THE EXPLORERS 2006 - Benchmark expanding exploration horizons
Independent plans to apply state-of-the-art techniques in the search for gas in Cook Inlet basin
Since acquiring 20 Kenai Peninsula tracts in the State of Alaska’s May 2006 Cook Inlet basin areawide lease sale, Alaska-newcomer Benchmark Oil and Gas Co. has articulated a clear mantra for exploration in the region: apply state-of-the-art technologies to find new reserves.
Cook Inlet dovetails into the company’s strategy of exploring in emerging areas where there are opportunities to use state-of-the-art 3-D seismic technology, Andrew Wight, a Benchmark landman and the company’s general counsel, told Petroleum News after the lease sale.
Wight also said that Benchmark likes to explore in areas that larger companies have found unattractive.
“We feel like that gives us a niche, using our technology, to get in and do some things in areas that have been overlooked or neglected for whatever reason by larger companies,” Wight said.
Denise Stone, the company’s exploration advisor, confirmed that focus on technology when she spoke at the Southcentral Alaska Energy Forum in September.
“The (Cook Inlet) exploration hiatus that took place in the ‘70s, ‘80s and ‘90s was also a technology hiatus and … we want to apply some technology that has not been brought to this area over the last 30 years,” Stone said.

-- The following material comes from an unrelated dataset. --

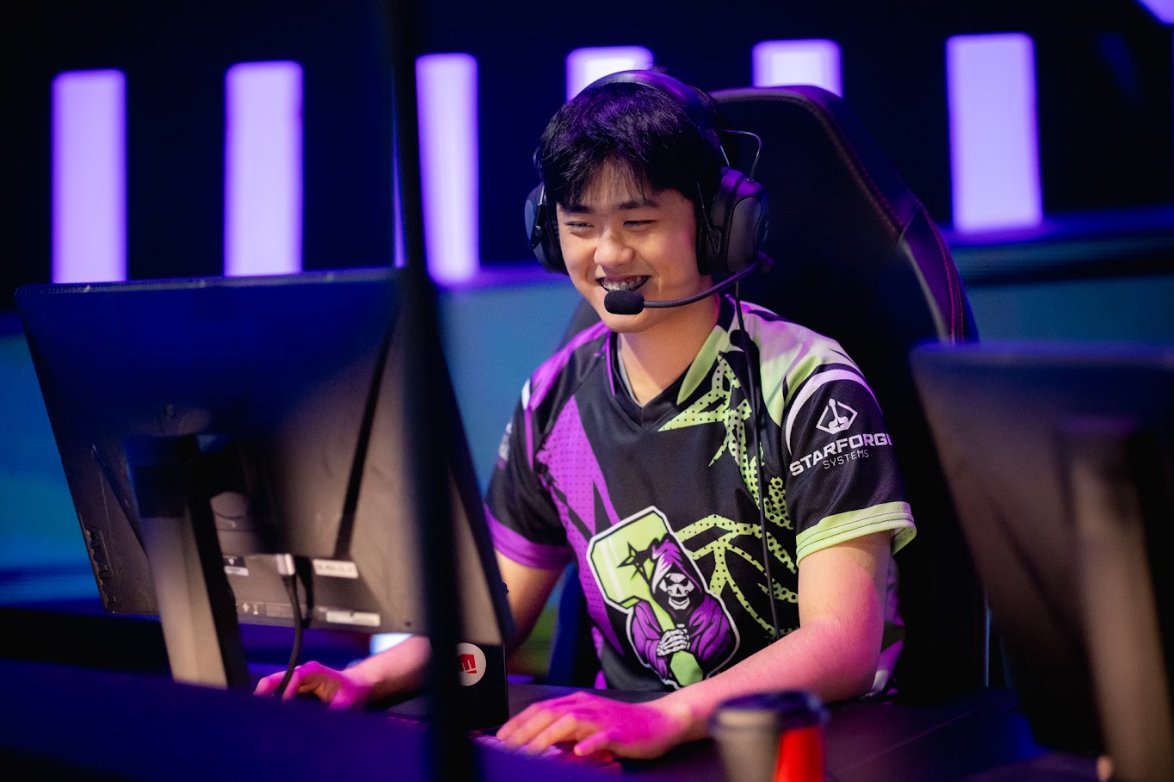 LFT for next split 😄
Happy with how Summer went and I'm proud we were able to reach both finals. I believe that I showed improvement in every split I competed in, and I'm eager to showcase my skills next year!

Founded in 1976Benchmark Oil and Gas’s history as a Texas independent goes back to 1976. However, the Texas-based company became part of Swedish company Benchmark Oil and Gas AB in 2001. Onshore Texas remains the company’s core area for drilling and development and the company also owns active properties in California, Stone said. In addition to the company’s new venture in Alaska, Benchmark is seeking new opportunities for business in both Argentina and North Africa.
The international nature of Benchmark Oil and Gas AB’s organization and business interests is reflected by multiple nationalities represented on the company’s board of directors, she said.
In 2006 the Swedish company raised capital by going public in the Nordic Growth Market exchange. Wight said that the company plans on investing a substantial amount of that capital in Alaska.
“Benchmark is a 100 percent upstream exploration and production company,” Stone said. “We’re in a growth spurt right now. We like to operate and we like to drill wells.”
And Stone emphasized the company’s drilling success of the past couple of years in areas where the company has been active.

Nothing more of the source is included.